In the paragraphs that follow we will see how, in general terms, CBA specialists approach these problems. This will prepare us to analyze the CBA for removing the Elwha dams.

1. CBA methodology is based on the view, foundational in economics, that communities are simply aggregations of individuals, so that the community cost or benefit is nothing more than the additive sum of the costs and benefits experience by each individual person. In principle, economists believe that one should do the analysis for everyone who might be affected, no matter who they are or where they live, although in practice it is common to restrict the calculation to just one region. In the case of the Elwha dam CBA, the analysis is performed for all residents of the United States. The additive sum concept also suggests that each individual has an equal weight: the sum does not depend on which people bear above-average costs or enjoy above-average benefits. In the Elwha case, the methodology does not give tribal members more weight than non-tribal US citizens, but also not less. Finally, because the methodology is individualist, it has no role for collective entities such as tribes. There is no tribal cost or benefit apart from the sum of costs and benefits that individual tribal members receive.
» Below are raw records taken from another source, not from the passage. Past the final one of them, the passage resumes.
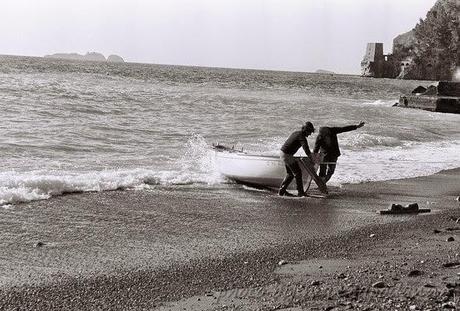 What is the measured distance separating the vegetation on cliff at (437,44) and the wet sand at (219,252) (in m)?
161

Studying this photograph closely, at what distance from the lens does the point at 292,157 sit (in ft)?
46.7

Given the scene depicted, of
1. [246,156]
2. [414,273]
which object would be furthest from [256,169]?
[414,273]

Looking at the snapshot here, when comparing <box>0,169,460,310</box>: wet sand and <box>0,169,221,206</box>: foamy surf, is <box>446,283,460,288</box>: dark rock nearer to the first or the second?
<box>0,169,460,310</box>: wet sand

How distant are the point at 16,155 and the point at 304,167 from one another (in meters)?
8.19

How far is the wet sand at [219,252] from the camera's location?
6.88 m

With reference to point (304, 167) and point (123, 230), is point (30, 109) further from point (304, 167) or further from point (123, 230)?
point (123, 230)

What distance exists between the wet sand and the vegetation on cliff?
528 feet

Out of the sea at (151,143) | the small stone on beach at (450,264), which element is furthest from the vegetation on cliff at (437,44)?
the small stone on beach at (450,264)

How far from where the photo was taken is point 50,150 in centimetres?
1936

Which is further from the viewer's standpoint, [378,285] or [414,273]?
[414,273]

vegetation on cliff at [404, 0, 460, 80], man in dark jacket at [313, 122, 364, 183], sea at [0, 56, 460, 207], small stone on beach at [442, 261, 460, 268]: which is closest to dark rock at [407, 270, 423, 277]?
small stone on beach at [442, 261, 460, 268]

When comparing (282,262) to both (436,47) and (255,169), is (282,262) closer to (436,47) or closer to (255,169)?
(255,169)

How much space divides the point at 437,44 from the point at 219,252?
565 feet

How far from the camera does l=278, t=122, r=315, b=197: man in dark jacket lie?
13992 mm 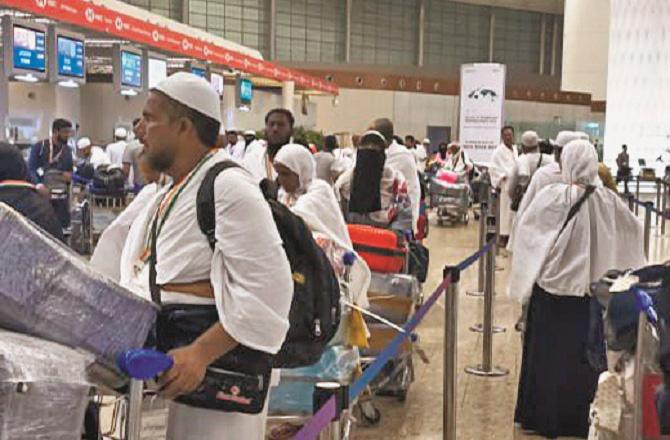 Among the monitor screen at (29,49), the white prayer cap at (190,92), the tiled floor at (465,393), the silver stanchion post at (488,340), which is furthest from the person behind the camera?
the monitor screen at (29,49)

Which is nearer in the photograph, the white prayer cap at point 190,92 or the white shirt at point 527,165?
the white prayer cap at point 190,92

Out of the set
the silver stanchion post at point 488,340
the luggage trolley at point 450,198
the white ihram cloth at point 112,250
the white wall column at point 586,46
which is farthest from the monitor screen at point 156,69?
the white wall column at point 586,46

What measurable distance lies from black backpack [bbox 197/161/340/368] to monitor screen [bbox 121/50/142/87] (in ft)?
39.5

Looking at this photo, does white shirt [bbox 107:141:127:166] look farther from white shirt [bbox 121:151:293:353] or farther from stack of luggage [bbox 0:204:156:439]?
stack of luggage [bbox 0:204:156:439]

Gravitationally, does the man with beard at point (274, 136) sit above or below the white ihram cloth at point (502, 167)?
above

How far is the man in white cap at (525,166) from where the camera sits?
11.5 meters

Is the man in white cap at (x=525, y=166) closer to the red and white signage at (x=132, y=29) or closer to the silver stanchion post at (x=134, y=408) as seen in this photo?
the red and white signage at (x=132, y=29)

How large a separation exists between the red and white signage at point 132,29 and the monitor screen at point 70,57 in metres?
0.61

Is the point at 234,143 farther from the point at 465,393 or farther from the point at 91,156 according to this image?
the point at 465,393

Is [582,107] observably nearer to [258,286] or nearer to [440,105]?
[440,105]

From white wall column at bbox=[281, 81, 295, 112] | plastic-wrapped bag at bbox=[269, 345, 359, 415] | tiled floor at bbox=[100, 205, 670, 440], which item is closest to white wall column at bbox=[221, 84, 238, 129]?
white wall column at bbox=[281, 81, 295, 112]

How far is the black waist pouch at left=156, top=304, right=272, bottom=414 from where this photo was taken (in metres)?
2.49

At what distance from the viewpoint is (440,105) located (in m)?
36.0

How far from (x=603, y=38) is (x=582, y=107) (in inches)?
115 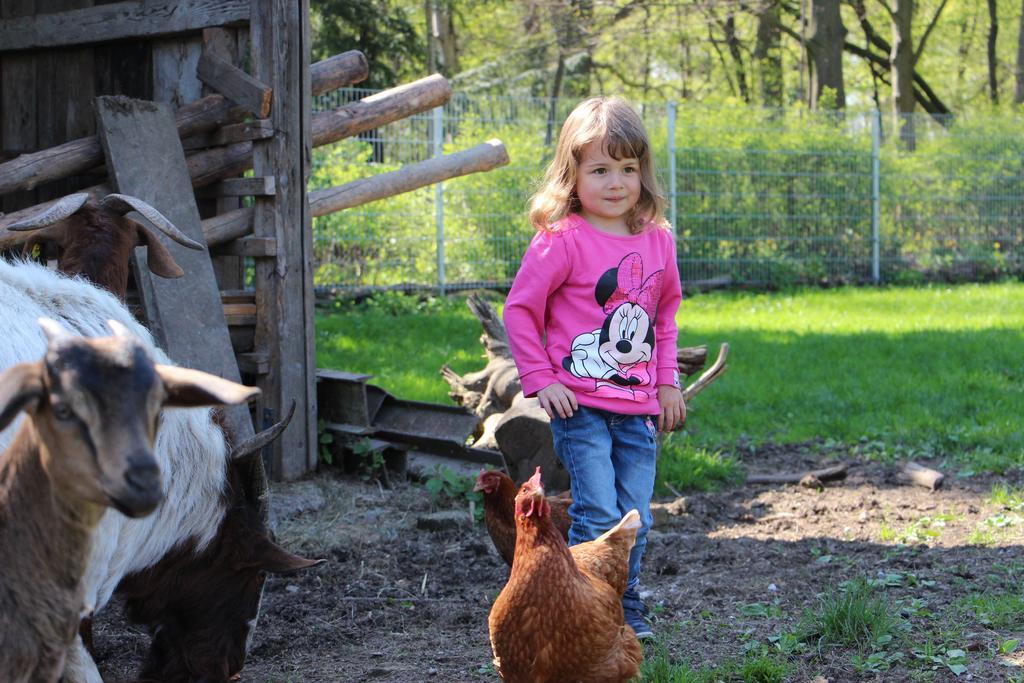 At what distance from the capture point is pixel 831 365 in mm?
9734

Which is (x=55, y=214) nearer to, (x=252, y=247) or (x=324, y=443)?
(x=252, y=247)

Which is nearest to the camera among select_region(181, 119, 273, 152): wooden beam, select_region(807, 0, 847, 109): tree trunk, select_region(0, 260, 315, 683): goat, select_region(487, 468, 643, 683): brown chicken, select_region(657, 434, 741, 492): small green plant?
select_region(487, 468, 643, 683): brown chicken

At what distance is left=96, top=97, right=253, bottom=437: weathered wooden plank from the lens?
18.6 feet

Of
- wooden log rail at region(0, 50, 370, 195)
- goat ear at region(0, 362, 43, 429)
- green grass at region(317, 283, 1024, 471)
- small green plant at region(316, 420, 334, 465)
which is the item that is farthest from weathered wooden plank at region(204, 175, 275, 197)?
goat ear at region(0, 362, 43, 429)

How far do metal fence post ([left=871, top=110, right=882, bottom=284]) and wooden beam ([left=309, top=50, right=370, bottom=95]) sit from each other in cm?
1133

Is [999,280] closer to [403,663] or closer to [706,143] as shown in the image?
[706,143]

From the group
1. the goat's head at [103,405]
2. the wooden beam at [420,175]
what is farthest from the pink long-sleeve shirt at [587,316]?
the wooden beam at [420,175]

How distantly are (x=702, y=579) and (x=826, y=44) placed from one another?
1915 cm

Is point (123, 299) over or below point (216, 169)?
below

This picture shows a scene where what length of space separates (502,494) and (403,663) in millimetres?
752

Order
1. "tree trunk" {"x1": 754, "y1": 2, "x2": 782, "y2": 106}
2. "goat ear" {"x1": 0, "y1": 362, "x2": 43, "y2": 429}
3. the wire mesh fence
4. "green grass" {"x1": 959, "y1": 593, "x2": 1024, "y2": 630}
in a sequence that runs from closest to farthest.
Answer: "goat ear" {"x1": 0, "y1": 362, "x2": 43, "y2": 429}
"green grass" {"x1": 959, "y1": 593, "x2": 1024, "y2": 630}
the wire mesh fence
"tree trunk" {"x1": 754, "y1": 2, "x2": 782, "y2": 106}

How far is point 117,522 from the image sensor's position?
11.1 ft

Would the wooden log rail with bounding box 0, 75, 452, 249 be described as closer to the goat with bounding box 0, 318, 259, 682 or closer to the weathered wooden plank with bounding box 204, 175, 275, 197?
the weathered wooden plank with bounding box 204, 175, 275, 197

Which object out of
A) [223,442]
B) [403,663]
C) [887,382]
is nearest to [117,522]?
[223,442] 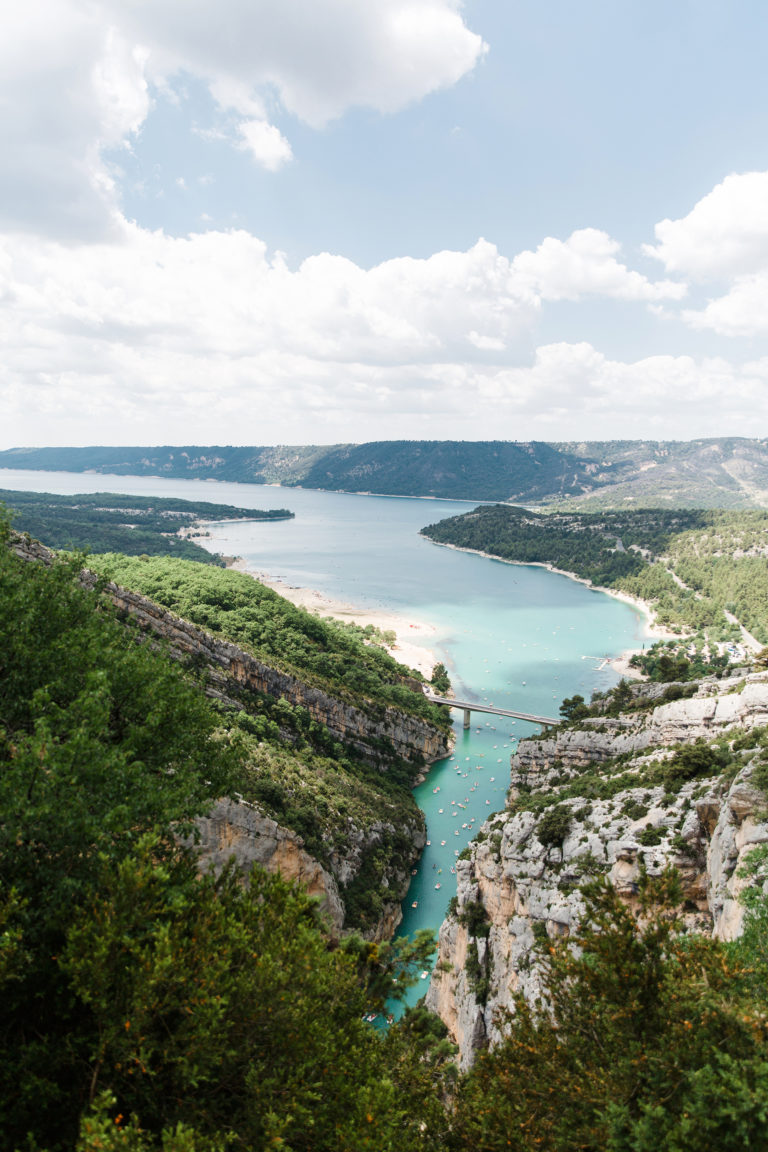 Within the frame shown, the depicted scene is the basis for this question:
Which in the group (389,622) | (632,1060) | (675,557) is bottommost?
(389,622)

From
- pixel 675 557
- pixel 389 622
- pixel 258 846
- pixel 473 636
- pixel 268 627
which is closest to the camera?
pixel 258 846

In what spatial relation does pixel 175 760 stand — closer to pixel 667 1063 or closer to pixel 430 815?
pixel 667 1063

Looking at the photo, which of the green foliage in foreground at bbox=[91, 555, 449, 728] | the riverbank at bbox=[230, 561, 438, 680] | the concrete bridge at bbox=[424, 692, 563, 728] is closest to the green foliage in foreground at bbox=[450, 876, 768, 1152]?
the green foliage in foreground at bbox=[91, 555, 449, 728]

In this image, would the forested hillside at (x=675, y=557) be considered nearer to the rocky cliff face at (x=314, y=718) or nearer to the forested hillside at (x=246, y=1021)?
the rocky cliff face at (x=314, y=718)

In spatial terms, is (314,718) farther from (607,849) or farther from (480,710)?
(607,849)

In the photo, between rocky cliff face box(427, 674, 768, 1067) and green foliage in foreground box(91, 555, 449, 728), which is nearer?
rocky cliff face box(427, 674, 768, 1067)

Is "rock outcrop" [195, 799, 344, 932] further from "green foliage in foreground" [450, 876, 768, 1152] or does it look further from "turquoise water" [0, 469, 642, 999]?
"green foliage in foreground" [450, 876, 768, 1152]

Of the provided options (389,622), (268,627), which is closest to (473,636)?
(389,622)

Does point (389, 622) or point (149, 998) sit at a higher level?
point (149, 998) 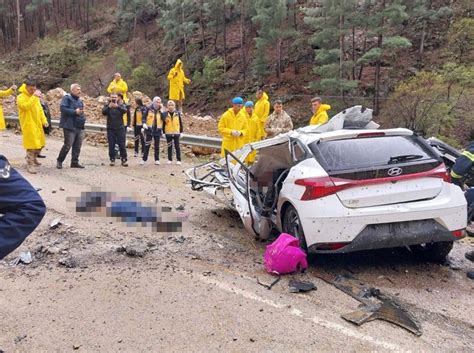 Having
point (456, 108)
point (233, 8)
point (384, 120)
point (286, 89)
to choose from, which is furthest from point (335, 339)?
point (233, 8)

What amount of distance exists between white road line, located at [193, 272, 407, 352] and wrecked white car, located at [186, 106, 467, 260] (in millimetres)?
806

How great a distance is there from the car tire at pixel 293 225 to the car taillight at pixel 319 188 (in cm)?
28

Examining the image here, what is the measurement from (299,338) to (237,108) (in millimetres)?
6662

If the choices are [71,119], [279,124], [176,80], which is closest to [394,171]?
[279,124]

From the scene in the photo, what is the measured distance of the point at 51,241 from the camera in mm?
5305

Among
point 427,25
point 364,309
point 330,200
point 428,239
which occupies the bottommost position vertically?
point 364,309

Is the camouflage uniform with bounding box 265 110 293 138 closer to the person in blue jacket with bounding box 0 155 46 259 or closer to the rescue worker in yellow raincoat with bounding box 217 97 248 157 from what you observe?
the rescue worker in yellow raincoat with bounding box 217 97 248 157

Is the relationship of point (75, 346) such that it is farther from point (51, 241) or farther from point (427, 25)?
point (427, 25)

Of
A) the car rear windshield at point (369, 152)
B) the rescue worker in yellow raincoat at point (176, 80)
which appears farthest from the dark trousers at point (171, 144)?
the car rear windshield at point (369, 152)

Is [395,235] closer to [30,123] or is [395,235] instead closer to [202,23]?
[30,123]

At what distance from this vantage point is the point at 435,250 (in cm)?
510

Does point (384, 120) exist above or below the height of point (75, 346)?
below

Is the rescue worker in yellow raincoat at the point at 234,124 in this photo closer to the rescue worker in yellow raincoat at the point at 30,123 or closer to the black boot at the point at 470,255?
the rescue worker in yellow raincoat at the point at 30,123

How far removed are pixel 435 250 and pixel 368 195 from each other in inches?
48.2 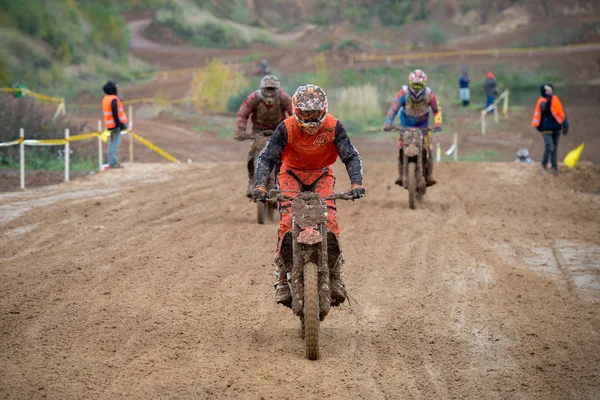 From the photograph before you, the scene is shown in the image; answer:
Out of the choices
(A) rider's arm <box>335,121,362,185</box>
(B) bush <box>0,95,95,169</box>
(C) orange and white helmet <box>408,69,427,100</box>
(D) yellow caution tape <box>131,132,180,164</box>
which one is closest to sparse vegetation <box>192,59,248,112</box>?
(D) yellow caution tape <box>131,132,180,164</box>

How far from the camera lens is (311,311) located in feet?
24.0

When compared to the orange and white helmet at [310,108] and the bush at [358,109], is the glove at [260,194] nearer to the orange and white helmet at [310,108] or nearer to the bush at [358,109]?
the orange and white helmet at [310,108]

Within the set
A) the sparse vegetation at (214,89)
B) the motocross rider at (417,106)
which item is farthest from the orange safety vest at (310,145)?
the sparse vegetation at (214,89)

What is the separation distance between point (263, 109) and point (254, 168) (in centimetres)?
96

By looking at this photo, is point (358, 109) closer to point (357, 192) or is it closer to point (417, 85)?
point (417, 85)

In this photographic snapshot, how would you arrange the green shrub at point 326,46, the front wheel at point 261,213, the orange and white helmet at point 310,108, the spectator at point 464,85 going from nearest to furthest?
1. the orange and white helmet at point 310,108
2. the front wheel at point 261,213
3. the spectator at point 464,85
4. the green shrub at point 326,46

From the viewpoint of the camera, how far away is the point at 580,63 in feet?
160

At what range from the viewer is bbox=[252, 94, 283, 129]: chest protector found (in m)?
13.9

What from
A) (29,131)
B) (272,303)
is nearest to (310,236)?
(272,303)

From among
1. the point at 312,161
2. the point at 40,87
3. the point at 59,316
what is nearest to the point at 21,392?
the point at 59,316

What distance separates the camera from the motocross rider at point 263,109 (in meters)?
13.7

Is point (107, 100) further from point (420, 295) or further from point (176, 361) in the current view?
point (176, 361)

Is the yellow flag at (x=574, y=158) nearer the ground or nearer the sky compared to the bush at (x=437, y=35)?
nearer the ground

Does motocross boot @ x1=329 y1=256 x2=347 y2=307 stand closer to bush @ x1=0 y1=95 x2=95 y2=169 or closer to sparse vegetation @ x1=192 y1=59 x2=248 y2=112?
bush @ x1=0 y1=95 x2=95 y2=169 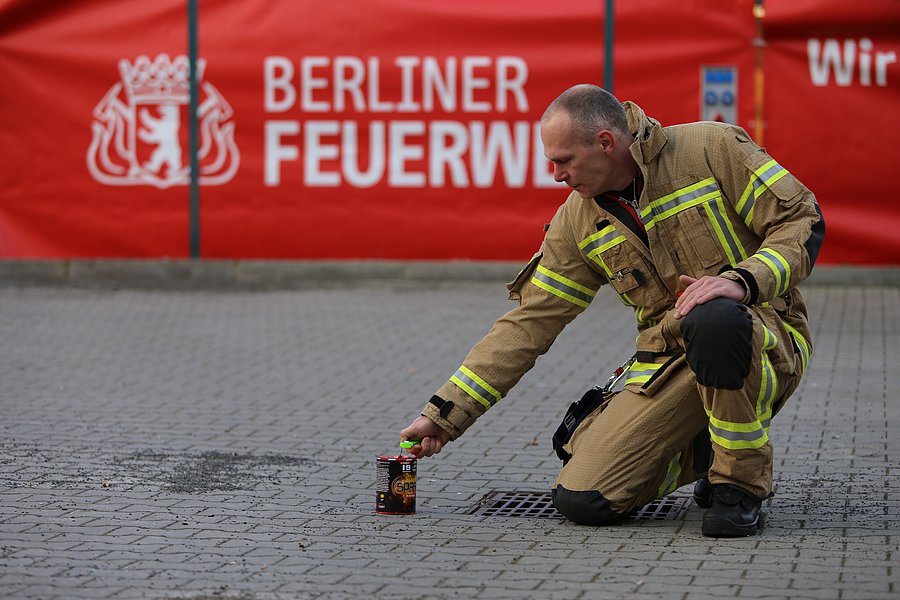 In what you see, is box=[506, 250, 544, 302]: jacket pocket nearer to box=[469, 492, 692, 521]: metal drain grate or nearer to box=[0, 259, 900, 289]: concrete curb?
box=[469, 492, 692, 521]: metal drain grate

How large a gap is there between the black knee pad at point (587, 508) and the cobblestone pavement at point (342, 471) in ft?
0.21

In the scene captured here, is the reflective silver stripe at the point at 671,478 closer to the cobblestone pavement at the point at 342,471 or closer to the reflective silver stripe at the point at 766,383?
the cobblestone pavement at the point at 342,471

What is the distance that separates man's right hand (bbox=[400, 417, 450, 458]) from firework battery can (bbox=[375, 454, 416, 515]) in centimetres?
7

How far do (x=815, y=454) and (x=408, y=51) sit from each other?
23.7 ft

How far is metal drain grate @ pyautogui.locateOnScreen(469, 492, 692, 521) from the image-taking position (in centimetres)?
528

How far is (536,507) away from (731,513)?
2.78 ft

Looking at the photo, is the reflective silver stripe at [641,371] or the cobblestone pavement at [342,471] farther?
the reflective silver stripe at [641,371]

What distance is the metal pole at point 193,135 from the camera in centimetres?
1287

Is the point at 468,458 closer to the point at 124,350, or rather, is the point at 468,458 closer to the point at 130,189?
the point at 124,350

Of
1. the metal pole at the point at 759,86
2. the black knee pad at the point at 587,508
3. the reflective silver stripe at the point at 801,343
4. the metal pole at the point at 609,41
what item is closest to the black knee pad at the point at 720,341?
the reflective silver stripe at the point at 801,343

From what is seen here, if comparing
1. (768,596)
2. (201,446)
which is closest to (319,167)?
(201,446)

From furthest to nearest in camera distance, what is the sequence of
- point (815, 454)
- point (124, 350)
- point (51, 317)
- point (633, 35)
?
1. point (633, 35)
2. point (51, 317)
3. point (124, 350)
4. point (815, 454)

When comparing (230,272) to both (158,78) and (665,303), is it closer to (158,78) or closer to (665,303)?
(158,78)

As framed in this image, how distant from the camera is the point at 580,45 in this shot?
12.6m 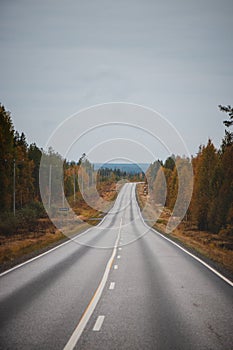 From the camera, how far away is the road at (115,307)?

2. Time differences often play an important role in CBA. In the Elwha example, for instance, the direct costs of dismantling the dams, such as the engineering and restoration work, occur in the near future, while the environmental benefits, but also the loss of hydropower, occur over a much longer timespan. Economists believe that, the further into the future an event occurs, the less its importance for today. There are two reasons for this. First, people tend to be present-oriented; they respond more to immediate outcomes than to those that they expect to be delayed. Economists believe that, by putting a lesser value on costs and benefits in the future, they are simply reflecting how most people feel. This argument, of course, makes less sense when one thinks about outcomes far into the future, which will affect those who are not yet born. Our (yours and my) tomorrow will be their today. This is a controversial issue for theorists of CBA. The second reason is based on the productivity of investment, and it works equally well for near- and far-future events. Consider the question, would you rather have $100 today or in one year? Even if you have no preference for immediate versus delayed wealth, you should still answer “today”. After all, if you put the money in the bank for a year, you can earn some interest on it. This means that $100 today is worth more in the future, or conversely, that $100 in the future is worth somewhat less than that today. The exact relationship is determined by the rate of interest earned on money; the higher the rate of interest, the more today’s money can create for the future. The same percentage rate, when used to work backward from future to current money, is called the discount rate. It is the same concept, just in a different use. If $100 today will yield $110 a year from now, we say that the interest rate is 10%. If we begin with $110 a year from now and see that it is equal to $100 today, we say that it has been discounted at a rate of 10%. The only difference is that we go from present to future in the first case, and from future to present in the second—but it’s exactly the same idea.